Well done mate. Good to see you looking after the local snakes


----------



## Moreliavridis (Feb 27, 2009)

well done mate!


----------



## ozpythons (Feb 27, 2009)

*Well done!!!*

Great job.....
Hopefully there is now 9 other people that will not take a shovel to our beautiful natural resources such as snakes.
Conservation is about protecting and education...Thats what you did....Well done!


----------



## Bax155 (Feb 27, 2009)

Well done champ!!


----------



## graememw (Feb 27, 2009)

Thanks guys, Im sure you would all have done the same thing, to answer the question about the road its about a metre to thr right in the first pic.


----------



## Frozenmouse (Feb 27, 2009)

i dont see anything wrong with how you went about testing how she would react i think anyone else that knows pythons would have gone about it the same way. its amazing how placid some wild snakes can be if you dont make them feel threatened (being a cold day probably helped too). well done.


----------



## ConsoleWizard (Feb 27, 2009)

Awsome work man, Thats the example you should be setting, Hopefully other people will see this and not go killing snakes, He looked too tame to be wild, You think he/she escaped from someone?


----------



## ryanharvey1993 (Feb 27, 2009)

lol we saw that exact same snake at the rest area last time on the way back from sydney, was curled up on a tree branch though, nice snake.


----------



## cockney red (Feb 27, 2009)

Top work geezer, nice 8+ footer.


----------



## dansocks (Feb 27, 2009)

Nice!


----------



## dazza74 (Feb 27, 2009)

great job you have done well


----------



## rebeccalg (Feb 27, 2009)

Lovely snake! Good job.


----------



## feathers (Feb 27, 2009)

Great Job. You have probably just educated the other guys with you and next time they see a snake they will react positively - not with the shovel.


----------



## seumas12345 (Feb 27, 2009)

Top job mate!

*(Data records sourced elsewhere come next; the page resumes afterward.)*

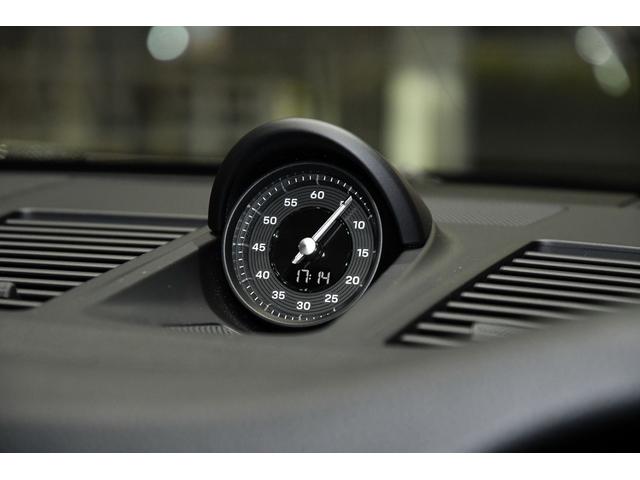 ９１１ ９１１カレラ　カブリオレ　ＬＥＤマトリックスヘッドライト・スポーツエグゾーストシステム・シートベンチレーション・スポーツクロノパッケージ・パワーステアリングプラス・マルチファンクションＧＴスポーツステアリング（13枚目）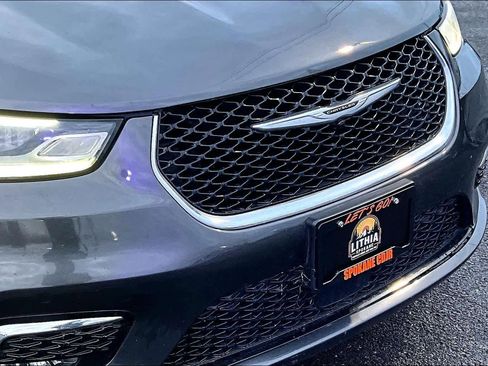 Used 2022 Chrysler Pacifica Touring-L image 33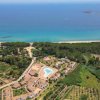 Complesso turistico tra verde e mare blu.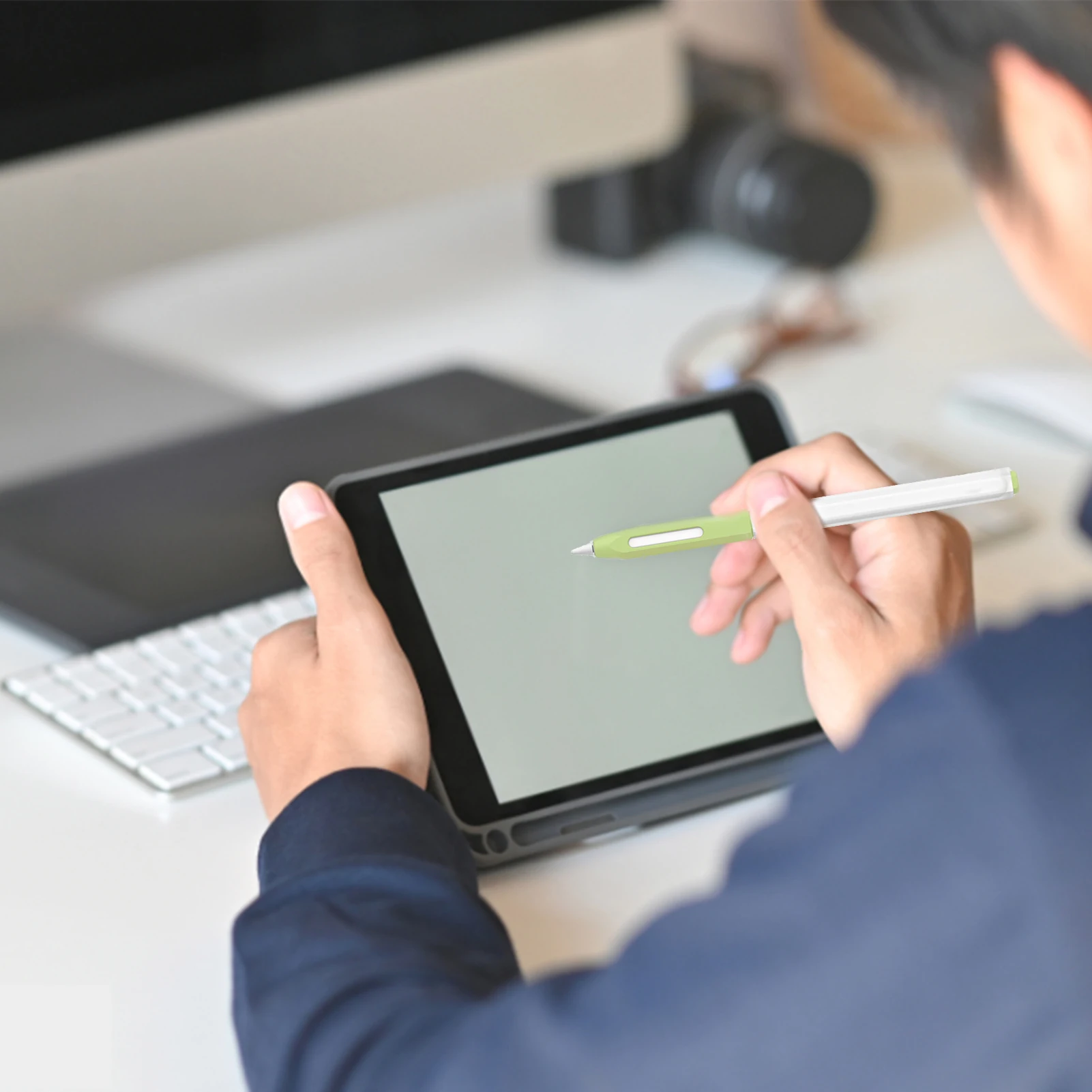 Чехол для Apple Pencil в виде рукава, защищающий Ваш карандаш. Силиконовый мягкий защитный чехол, совместимый со вторым поколением Smart Pencil.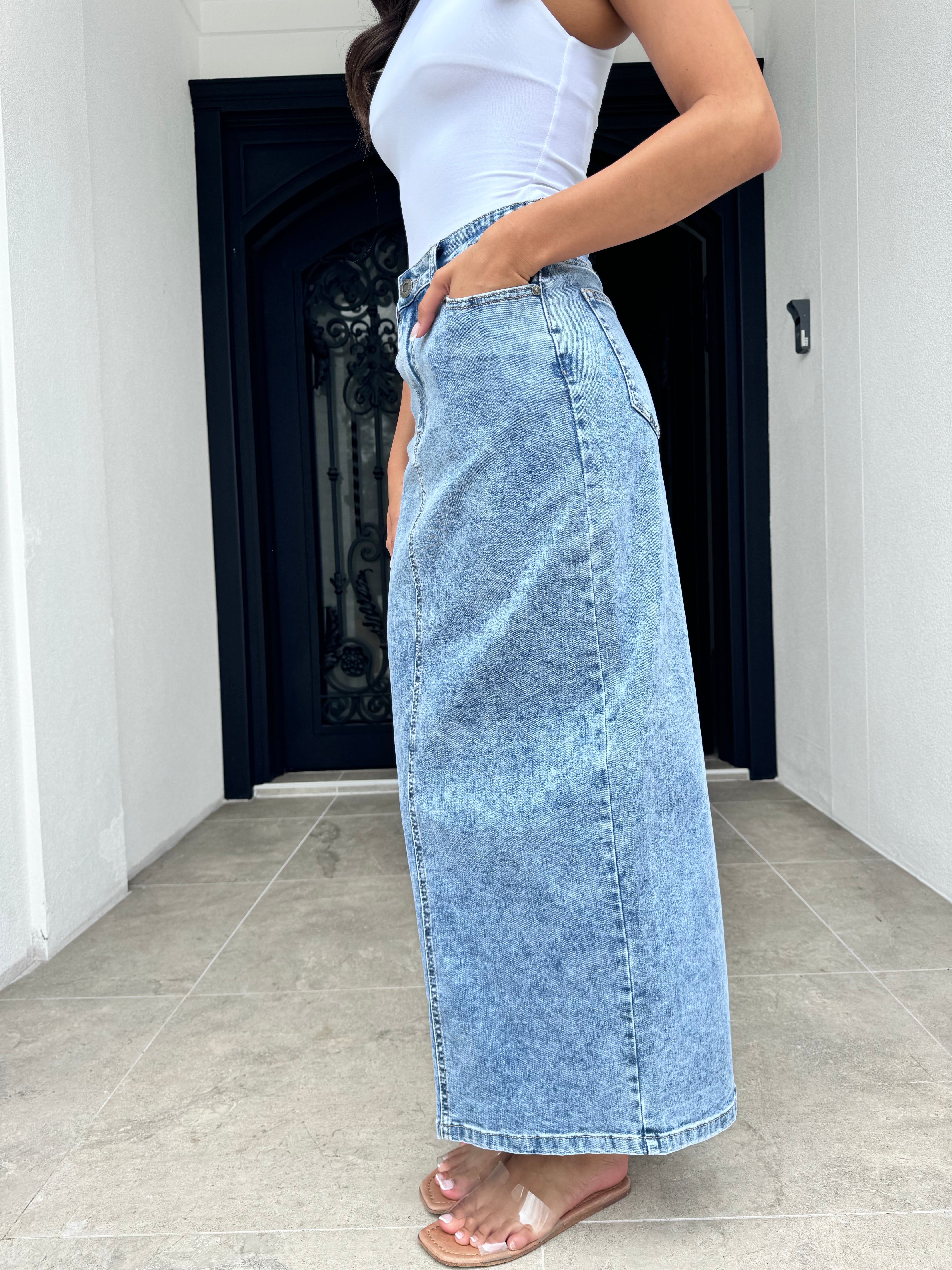Washed denim skirt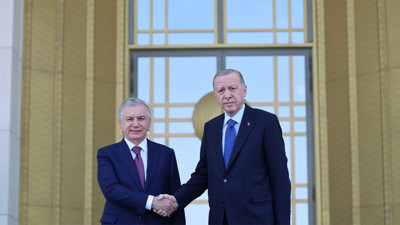 Cumhurbaşkanı Erdoğan, Özbekistan Cumhurbaşkanı Mirziyoyev ile görüştü
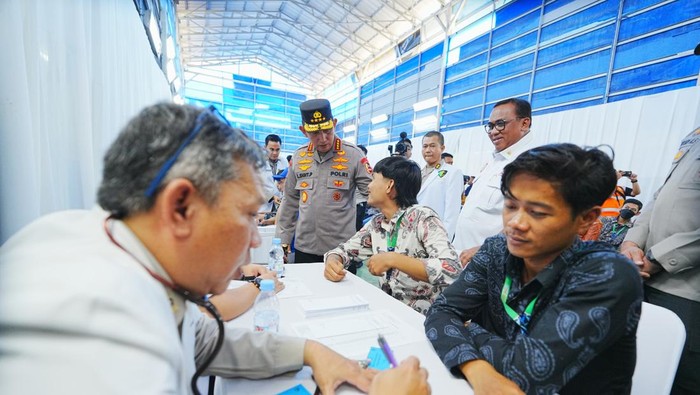 Kapolri Menghadiri Acara Bakti Kesehatan dan Donor Darah di Tangerang, Banten.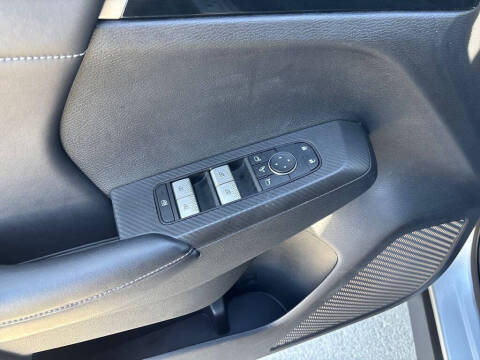 2024 Mitsubishi Outlander SE Black Edition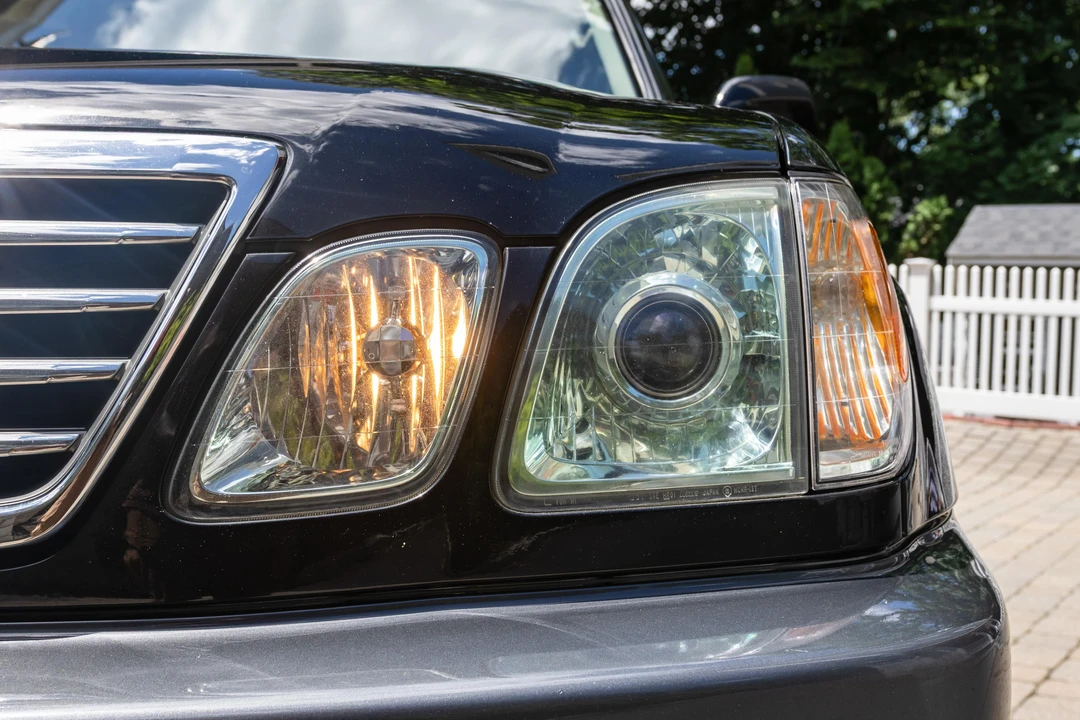 2006 Lexus LX 2nd Gen - Image 14 of 31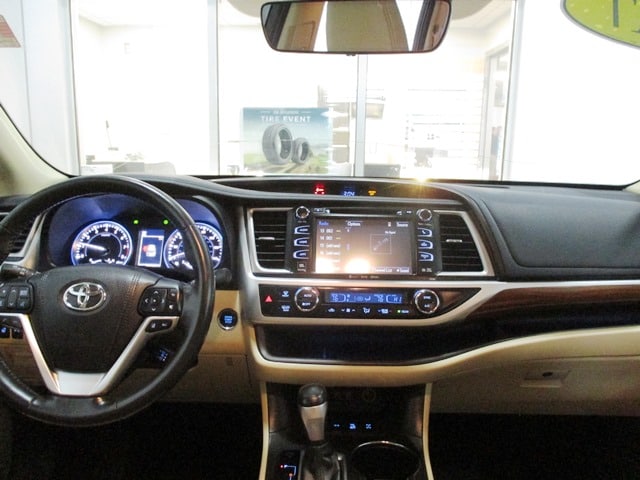 used 2017 Toyota Highlander car, priced at $23,998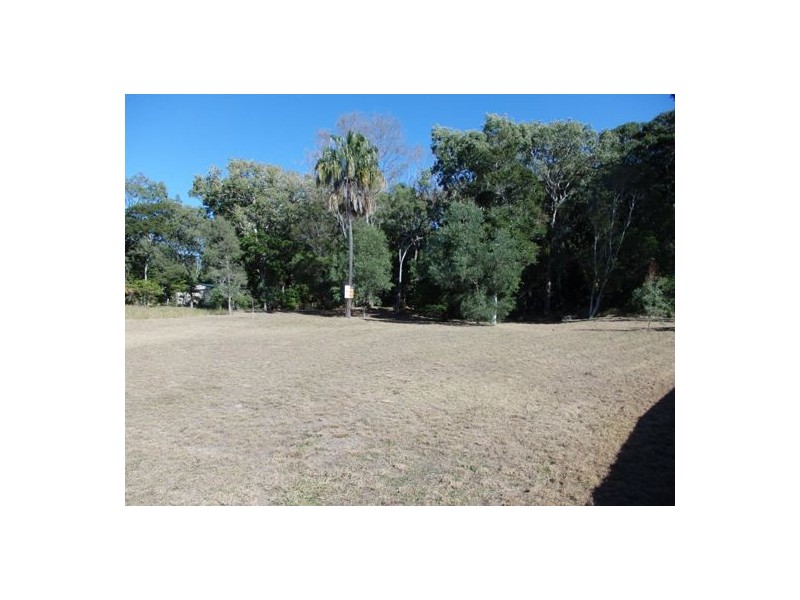 4 Sand Piper Grove, Moore Park Beach QLD 4670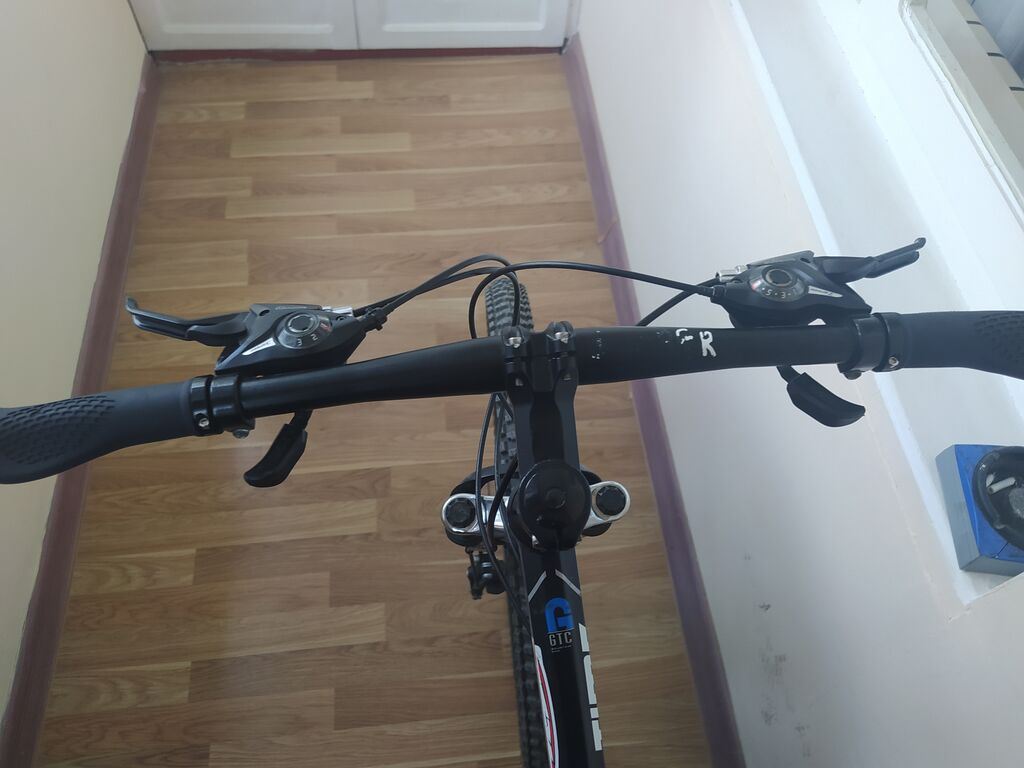 Dağ və şəhər sürüşləri üçün uyğun, sport üslublu velosiped. Əsas — Dağ velosipedləri, Bakı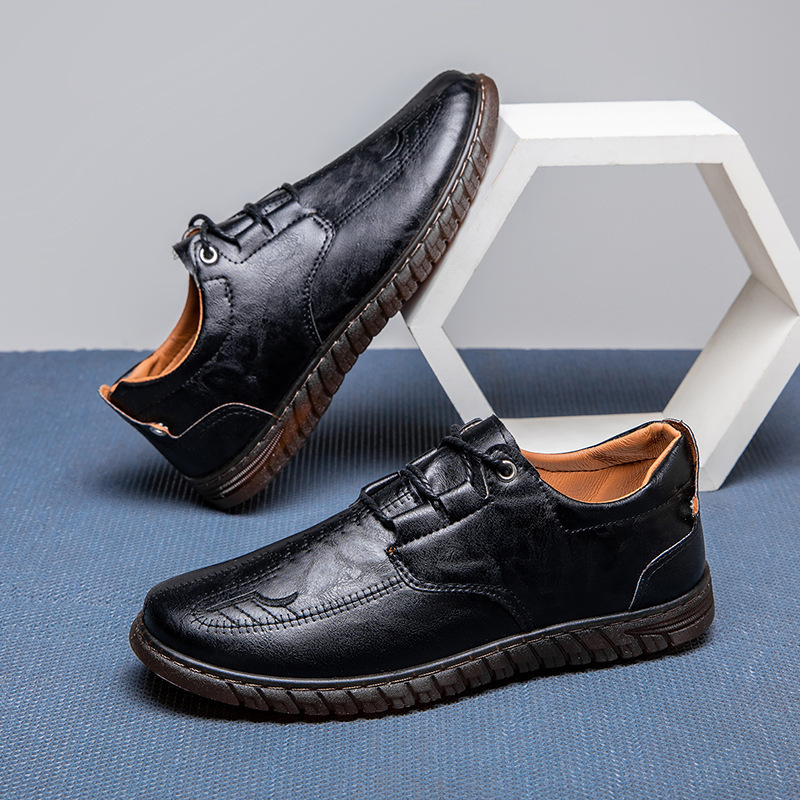 Zapatos de cuero casuales para hombres de nueva tendencia, suela blanda, suela blanda, suela de tendón de res, zapatos de cuero de negocios de estilo británico, zapatos de papá de mediana edad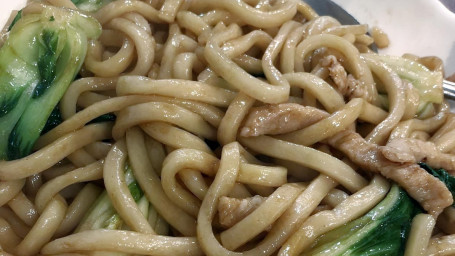 C13. Vegetable Fried Udon Noodle Sù Cài Cū Chǎo Miàn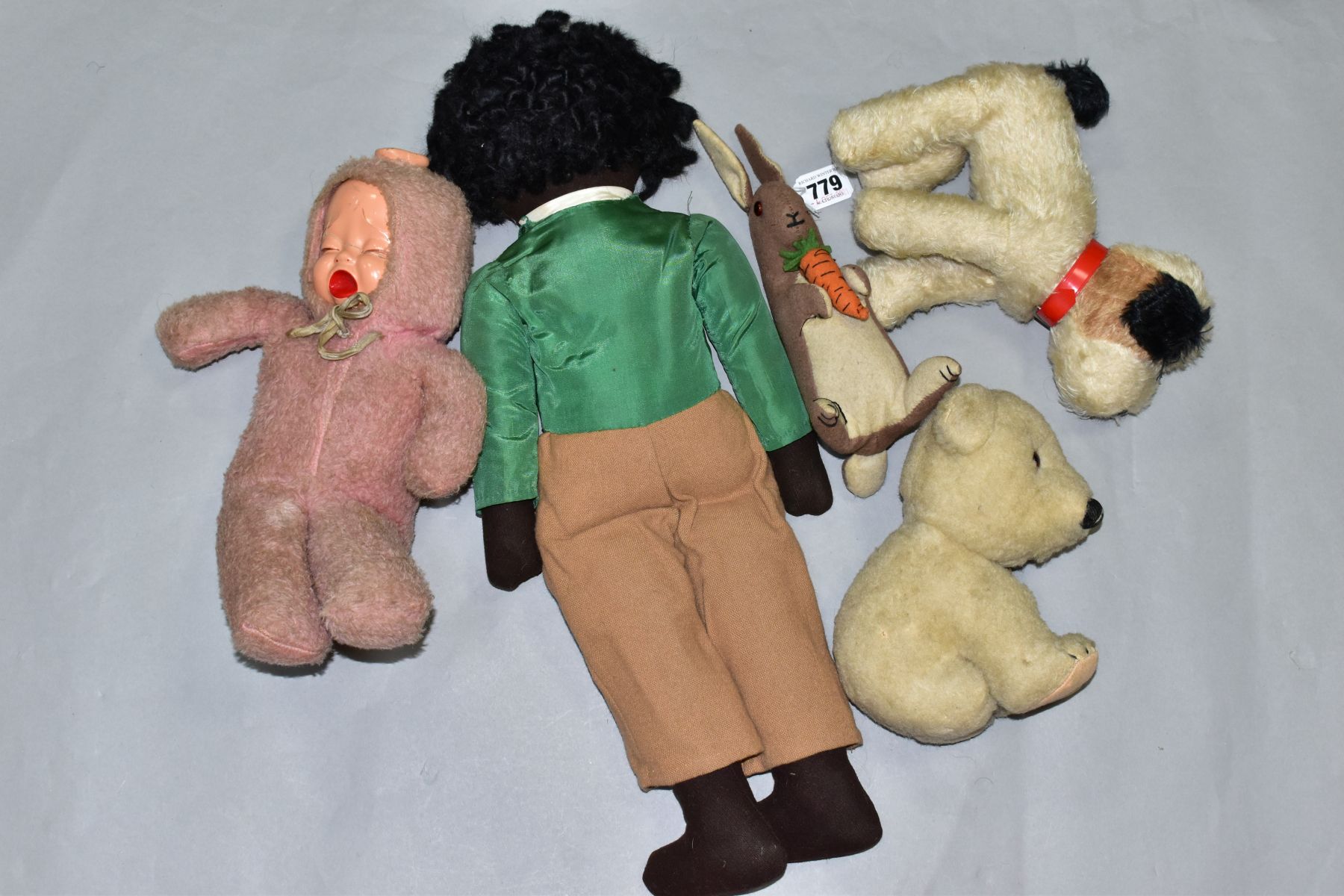 A QUANTITY OF ASSORTED DOLLS AND SOFT TOYS, to include Chad Valley Polar Bear, Hygenic Toys label to - Image 4 of 5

Good to see the pics too!


----------



## Rainbow-Serpent (Feb 27, 2009)

Nice job!!!


----------



## jase75 (Feb 27, 2009)

Good job mate, would have been such a shame for him to end up as road kill !!!


----------



## Sel (Feb 27, 2009)

How awesome!!!

Im yet to see a wild snake of any kind..


----------



## cockney red (Feb 27, 2009)

MzSel said:


> How awesome!!!
> 
> Im yet to see a wild snake of any kind..


:shock:


----------



## Sel (Feb 27, 2009)

Shocked? lol


----------



## pythons73 (Feb 27, 2009)

I defiantly would do the same,i wish there was more ppl on this planet that cares about our native wildlife,awesome looking Diamond also,thats the way i like my Diamonds,nice and dark.


----------



## whcasual79 (Feb 27, 2009)

legend mate, quality pics too...


----------